Set down each record exactly as written.

--- Available data Enclosed Below ---

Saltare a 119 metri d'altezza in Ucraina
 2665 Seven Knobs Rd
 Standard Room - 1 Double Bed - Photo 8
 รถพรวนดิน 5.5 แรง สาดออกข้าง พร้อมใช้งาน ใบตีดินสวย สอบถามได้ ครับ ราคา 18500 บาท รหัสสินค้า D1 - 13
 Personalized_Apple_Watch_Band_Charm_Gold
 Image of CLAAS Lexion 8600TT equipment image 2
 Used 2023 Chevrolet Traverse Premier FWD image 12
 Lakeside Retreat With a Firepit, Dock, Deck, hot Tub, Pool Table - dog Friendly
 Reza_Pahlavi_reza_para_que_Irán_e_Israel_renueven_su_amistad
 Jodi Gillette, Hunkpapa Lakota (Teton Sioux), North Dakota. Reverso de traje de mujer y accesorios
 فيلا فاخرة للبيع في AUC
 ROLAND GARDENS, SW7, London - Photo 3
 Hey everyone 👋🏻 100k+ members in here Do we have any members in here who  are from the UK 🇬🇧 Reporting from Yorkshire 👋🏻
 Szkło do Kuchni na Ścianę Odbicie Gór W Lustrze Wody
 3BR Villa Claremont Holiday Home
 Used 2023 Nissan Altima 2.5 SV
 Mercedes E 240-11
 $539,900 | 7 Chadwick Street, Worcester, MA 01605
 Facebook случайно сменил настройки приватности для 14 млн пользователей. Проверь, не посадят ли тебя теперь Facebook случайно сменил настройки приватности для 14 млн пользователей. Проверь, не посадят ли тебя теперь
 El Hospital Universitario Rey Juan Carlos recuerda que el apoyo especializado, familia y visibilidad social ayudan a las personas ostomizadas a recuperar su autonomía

--- End of Enclosed Available data ---

_Expected answer_:
Saltare a 119 metri d'altezza in Ucraina
 2665 Seven Knobs Rd
 Standard Room - 1 Double Bed - Photo 8
 รถพรวนดิน 5.5 แรง สาดออกข้าง พร้อมใช้งาน ใบตีดินสวย สอบถามได้ ครับ ราคา 18500 บาท รหัสสินค้า D1 - 13
 Personalized_Apple_Watch_Band_Charm_Gold
 Image of CLAAS Lexion 8600TT equipment image 2
 Used 2023 Chevrolet Traverse Premier FWD image 12
 Lakeside Retreat With a Firepit, Dock, Deck, hot Tub, Pool Table - dog Friendly
 Reza_Pahlavi_reza_para_que_Irán_e_Israel_renueven_su_amistad
 Jodi Gillette, Hunkpapa Lakota (Teton Sioux), North Dakota. Reverso de traje de mujer y accesorios
 فيلا فاخرة للبيع في AUC
 ROLAND GARDENS, SW7, London - Photo 3
 Hey everyone 👋🏻 100k+ members in here Do we have any members in here who  are from the UK 🇬🇧 Reporting from Yorkshire 👋🏻
 Szkło do Kuchni na Ścianę Odbicie Gór W Lustrze Wody
 3BR Villa Claremont Holiday Home
 Used 2023 Nissan Altima 2.5 SV
 Mercedes E 240-11
 $539,900 | 7 Chadwick Street, Worcester, MA 01605
 Facebook случайно сменил настройки приватности для 14 млн пользователей. Проверь, не посадят ли тебя теперь Facebook случайно сменил настройки приватности для 14 млн пользователей. Проверь, не посадят ли тебя теперь
 El Hospital Universitario Rey Juan Carlos recuerda que el apoyo especializado, familia y visibilidad social ayudan a las personas ostomizadas a recuperar su autonomía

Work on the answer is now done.